Short Bytes: The big names of American tech industry have expressed their support for Apple in its fight against the government’s demand to unlock the San Bernardino shooting iPhone for the FBI. However, the US government has just found an unlikely ally in the form of Microsoft co-founder Bill Gates. “They are not asking for some general thing, they are asking for a particular case,” Gates told the Financial Times.
Bill Gates labeled this incident as a specific case where the government has asked for access to important information. “They are not asking for some general thing, they are asking for a particular case,” Gates told the Financial Times.
The views of Bill Gates are opposite to the general sentiment of Silicon Valley, where people like Mark Zuckerberg and Sundar Pichai have said that Apple shouldn’t be forced to reveal its encryption keys to the FBI as it could be used as a backdoor by the law enforcement agency.
But, Bill Gates begs to differ and lists his own reservations. “It is no different than [the question of] should anybody ever have been able to tell the phone company to get information, should anybody be able to get at bank records. Let’s say the bank had tied a ribbon round the disk drive and said ‘don’t make me cut this ribbon because you’ll make me cut it many times,”‘ Gates says.

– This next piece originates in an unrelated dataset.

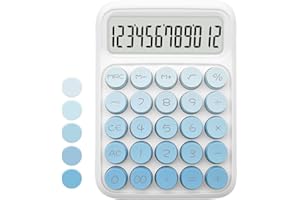 UPIHO Standard Gradient Blue Calculator - 12 Digit Display and Big Buttons, Cute Office and School Accessory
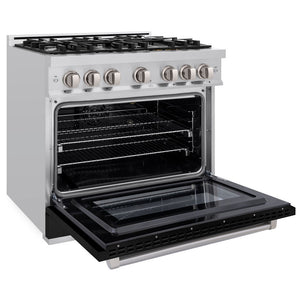 ZLINE 36 in. 5.2 cu. ft. Select Gas Range with 6 Burner Cooktop and Convection Gas Oven in Stainless Steel with Black Matte Door (HGR-BLM-36) side, oven open.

This statement has come amid a new war of words that was fuelled by Tim Cook’s letter to customers, expressing concerns that it would pave the way for numerous security issues. He said that Apple would fight the court order, igniting the ongoing battle between the American government and the technology industry. Notably, last week, a judge ordered Apple to lend “reasonable technical assistance” to FBI in unlocking the iPhone used by Syed Rizwan Farook, who killed 14 people in San Bernardino shooting.
Talking about the need of proper rules regarding such incidents, Bill Gates said, “I hope that we have that debate so that the safeguards are built and so people do not opt — and this will be country by country — [to say] it is better that the government does not have access to any information.”